He-Man au cinéma, et enfin une vraie logique pour ses noms absurdes

Image d'illustration. Masters of the UniverseAmazon MGM Studios / PR-ADN
Le film Masters of the Universe assume enfin les noms les plus kitsch de la saga. Et il trouve une astuce canonique, simple et plutôt maligne.
En bref
- Le film justifie enfin les noms cultes
- Le jeune Adam les invente de mémoire
- Une astuce simple, drôle et fidèle
Faire un film Masters of the Universe, ce n’était pas seulement une affaire d’épées, de muscles et de nostalgie. Le vrai casse-tête était ailleurs, dans ces noms que tout le monde connaît et que personne ne prend totalement au sérieux. He-Man, Ram-Man, Fisto, sur le papier, ça tient du jouet des années 1980 plus que du blockbuster moderne.

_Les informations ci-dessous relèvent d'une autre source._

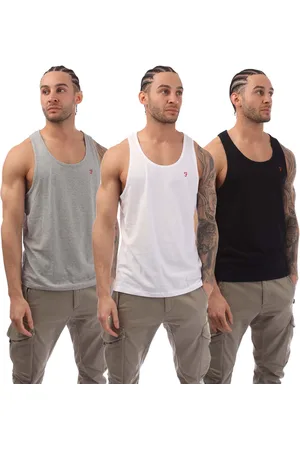 Farah Mens Riago 3 Pack Vests in Black Grey White Cotton - Size 2XL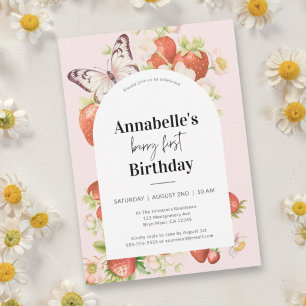 Strawberry 1. Geburtstag Berry Erstes Party Einladung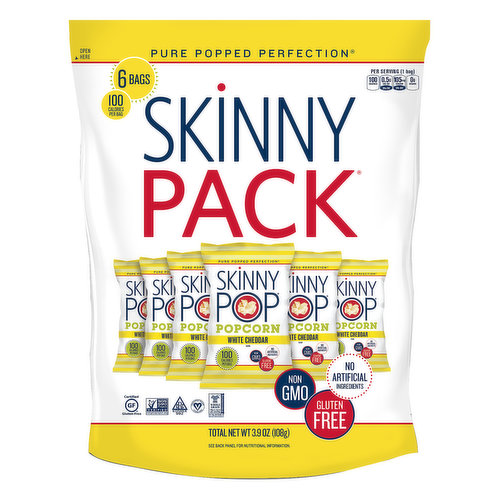 SkinnyPop Popcorn, White Cheddar Flavor, Skinny Pack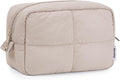 Narwey Puffy Makeup Bag for Travel Women Girl, Quilted Makeup Bag Cosmetic Bag, Cute Puffer Make Up Organizer Bags, Travel Toiletry Bag Toiletries (Khaki)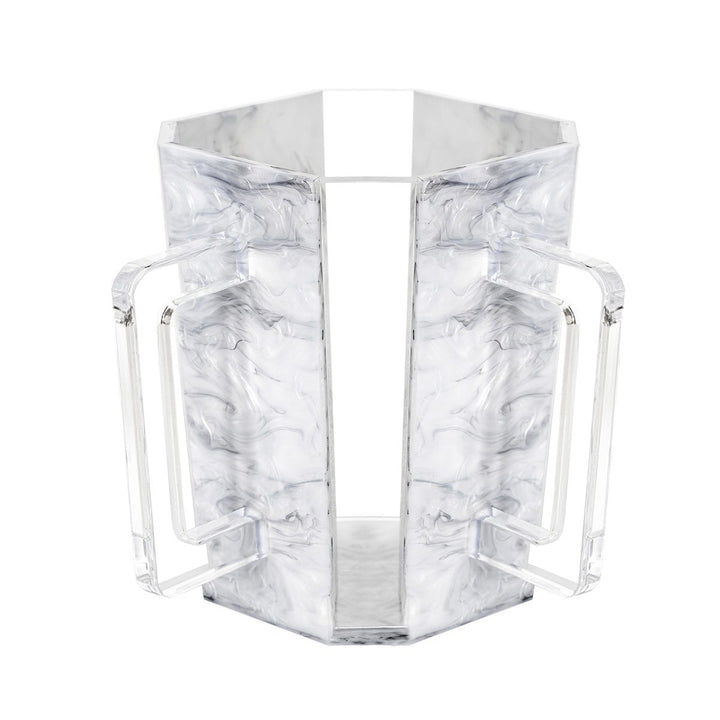 Grey pearl octagon lucite washing cup with swirled marble finish and two clear handles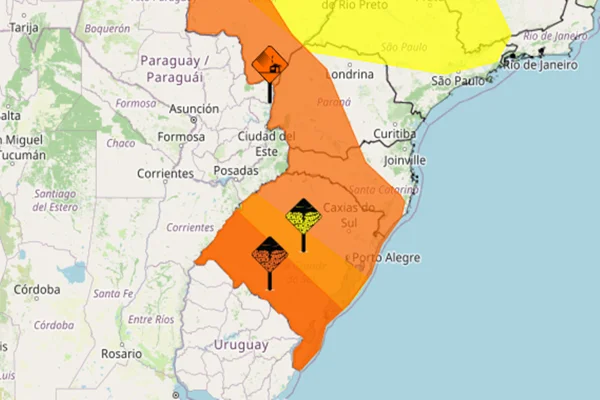 Inmet emite alerta laranja para vendaval no Rio Grande do Sul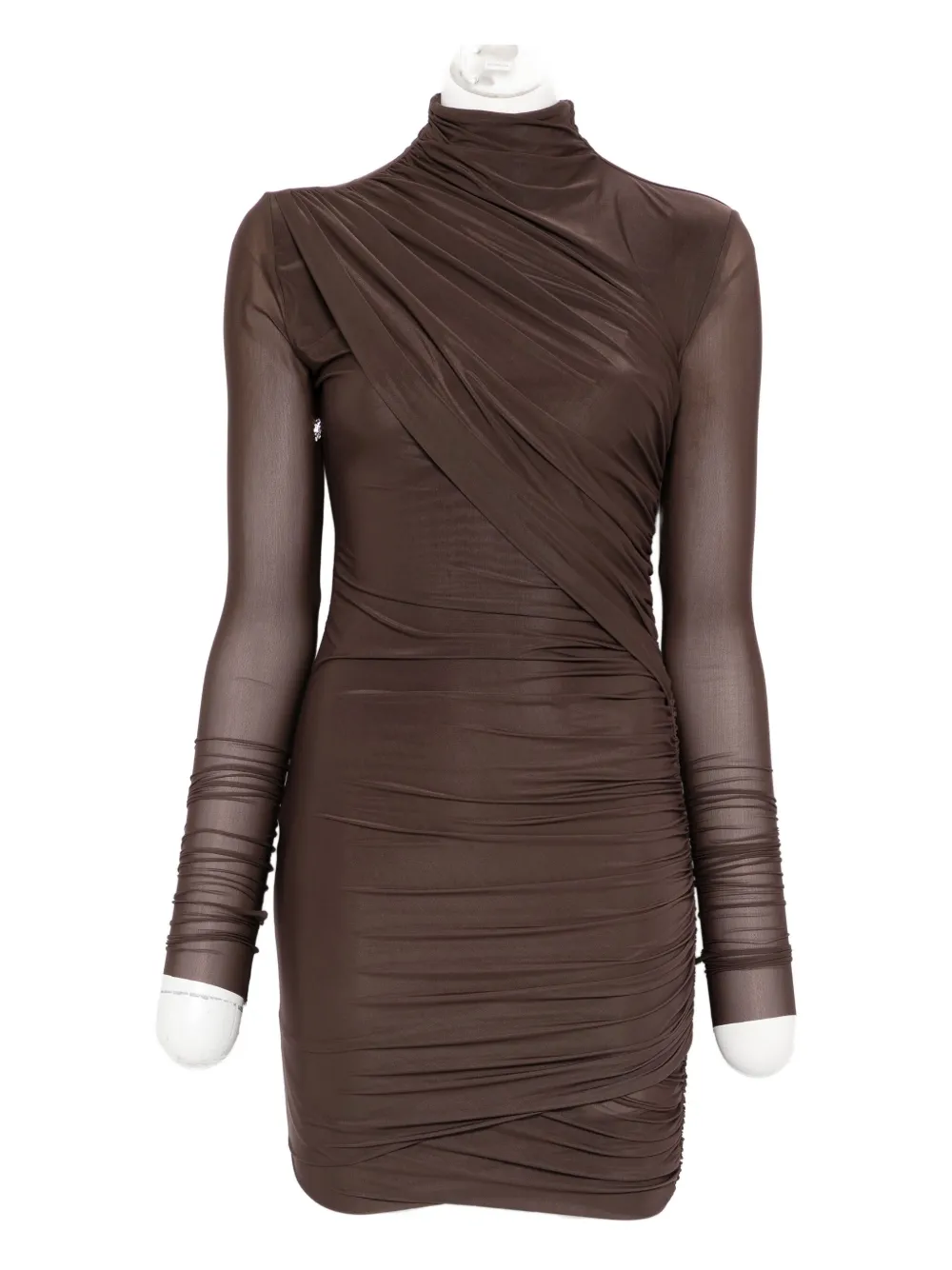 Aniye By Ruched Draped Mini Dress In Brown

Le piège de l’adaptation, entre kitsch et fidélité
C’est là que le film réalisé par Travis Knight, écrit par Chris Butler, Aaron Nee, Adam Nee et David Callaham, trouve sa bonne idée. Plutôt que d’effacer ces appellations un peu gênantes, il leur donne une raison d’exister à l’intérieur même du récit. Et franchement, c’est plus malin que de faire semblant de ne pas voir le problème.
Le point de départ reste classique. Skeletor, joué par Jared Leto, attaque Eternia avec son armée. Pour protéger l’épée du pouvoir et les secrets de Grayskull, le jeune Prince Adam, incarné d’abord par Artie Wilkinson-Hunt avant le relais adulte de Nicholas Galitzine, est envoyé sur Terre par sa mère, la reine Marlena, jouée par Charlotte Riley, avec l’aide de The Sorceress, incarnée par Morena Baccarin.
L’enfance d’Adam devient la clé du canon
Adam part enfant. Il garde donc de Eternia des souvenirs flous, presque comme des croquis mentaux. Et puisqu’il ne connaissait pas les vrais noms de la plupart des guerriers loyaux à son père, le roi Randor, joué par James Purefoy, il leur a inventé des surnoms à partir de ce qu’il voyait chez eux. En gros, des noms idiots, mais descriptifs.
Ce détail réécrit discrètement tout un pan du folklore. Les noms absurdes ne tombent plus du ciel, ils viennent du regard d’un enfant. Dit comme ça, ça paraît tout bête. À l’écran, c’est une manière propre de garder la couleur d’origine sans casser la crédibilité de l’ensemble.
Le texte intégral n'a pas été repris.